Task instructions -> Your output must reproduce all the records below precisely and contain no pictures.

——

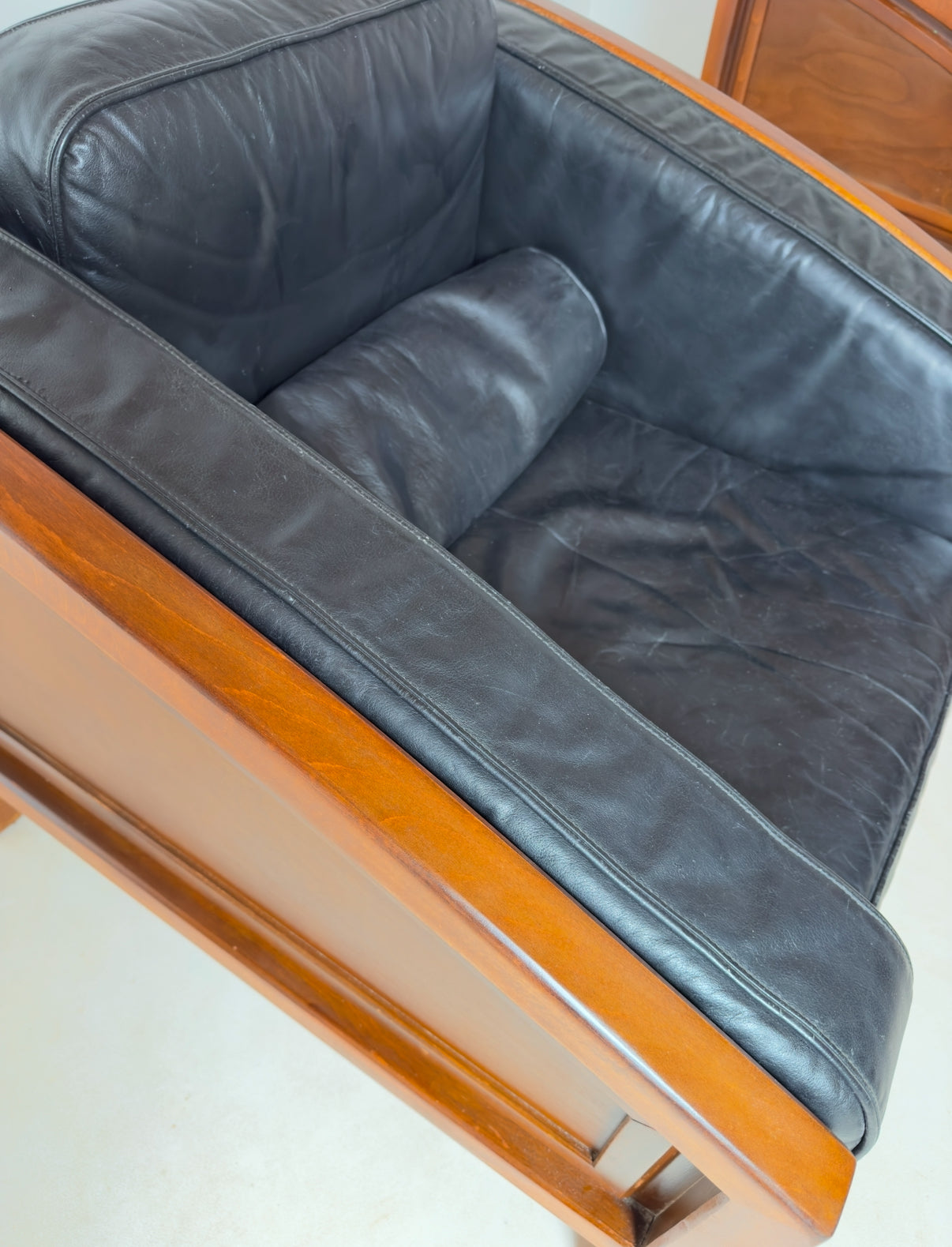 Fauteuil (2 disponibles) dans le goût de Tobia Scarpa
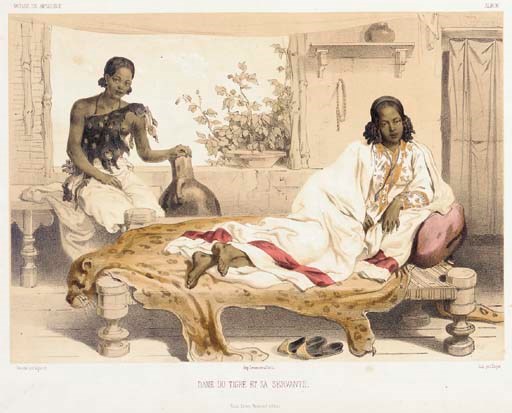 LEFEBURE, Theophile (1811-1860).  Voyage en Abyssinie. exécuté pendant les années 1839, 1840, 1841, 1842, 1843. Paris: Arthus Bertrand, [1845].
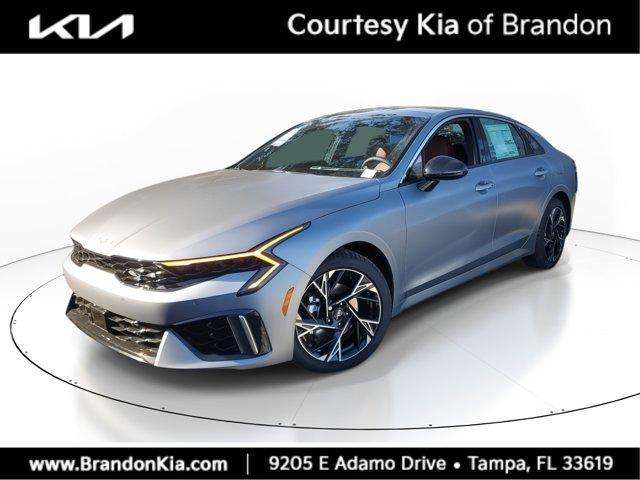 new 2025 Kia K5 car, priced at $29,225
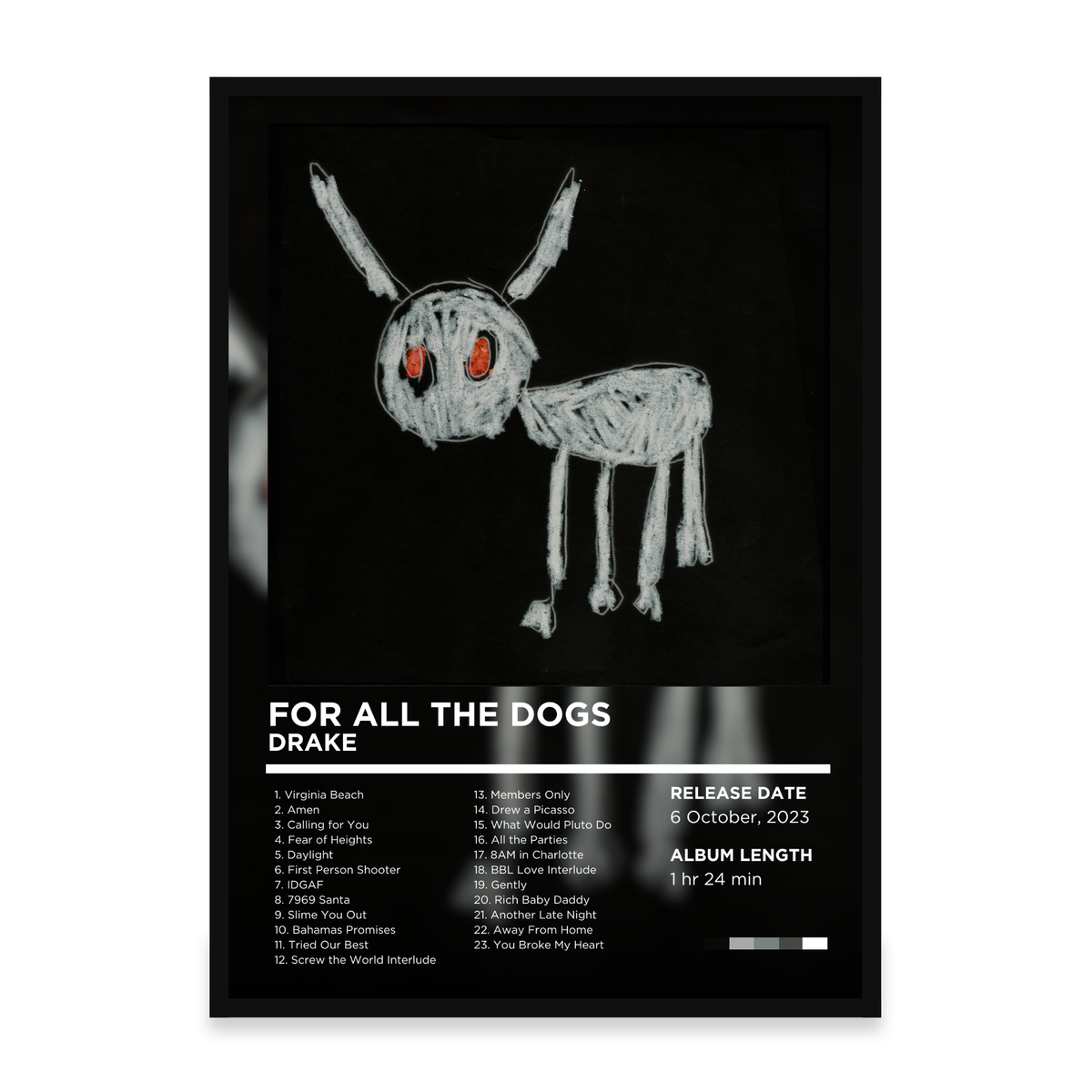 Drake – For All the Dogs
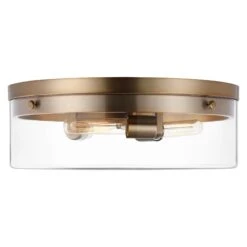 Intersection 17 Inch 3 Light Flush Mount By Nuvo Lighting -Light Bulbs Sales Store Nuvo Lighting 60 7538 003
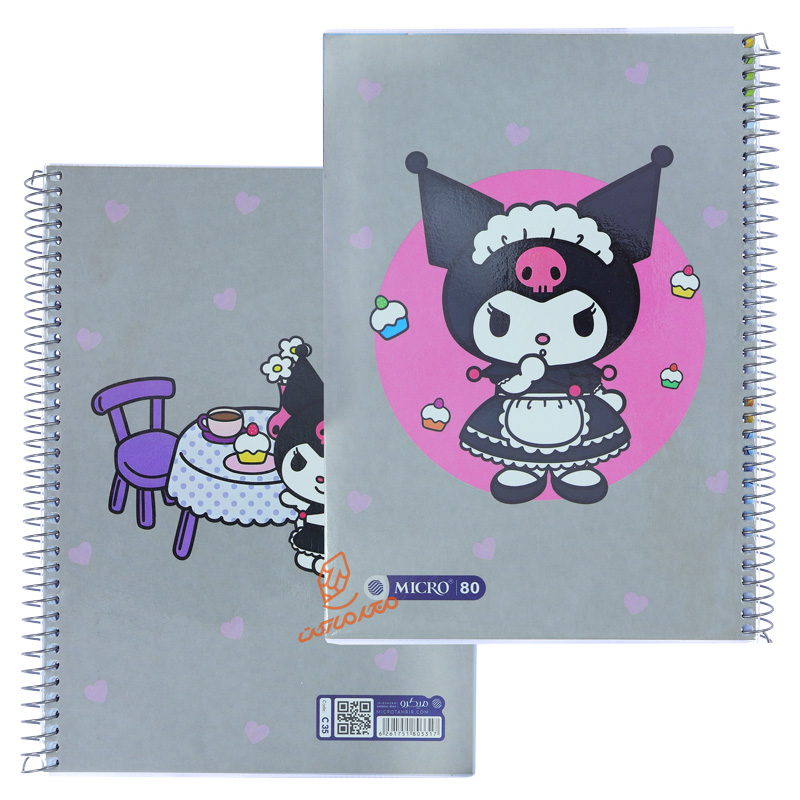 دفتر 80 برگ طرح کرومی C35  میکرو MICRO (8).jpg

——

Response below ->
 Fauteuil (2 disponibles) dans le goût de Tobia Scarpa
 LEFEBURE, Theophile (1811-1860).  Voyage en Abyssinie. exécuté pendant les années 1839, 1840, 1841, 1842, 1843. Paris: Arthus Bertrand, [1845].
 new 2025 Kia K5 car, priced at $29,225
 Drake – For All the Dogs
 Intersection 17 Inch 3 Light Flush Mount By Nuvo Lighting -Light Bulbs Sales Store Nuvo Lighting 60 7538 003
 دفتر 80 برگ طرح کرومی C35  میکرو MICRO (8).jpg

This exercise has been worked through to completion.